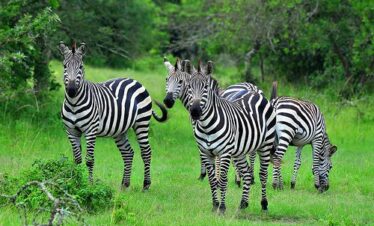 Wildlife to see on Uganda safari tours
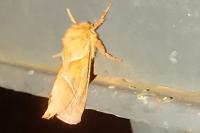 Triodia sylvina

==

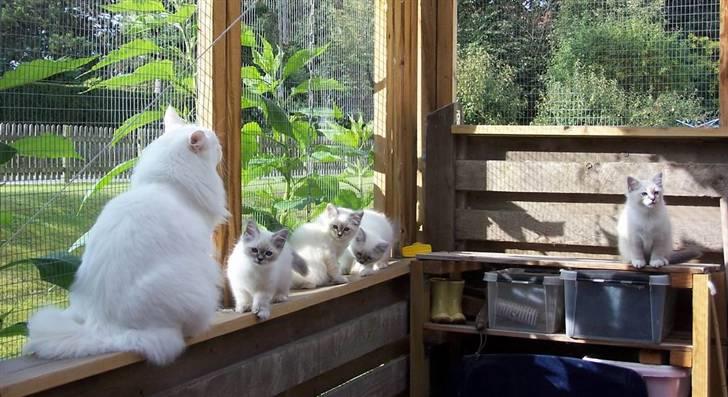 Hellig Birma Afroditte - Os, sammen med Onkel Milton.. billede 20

§ What to do: Of the lines above, copy only those from the one holding "Wildlife to see on Uganda safari tours" to the one holding "Triodia sylvina", both included, and exclude every image.

§ Answer section:
 Wildlife to see on Uganda safari tours
 Triodia sylvina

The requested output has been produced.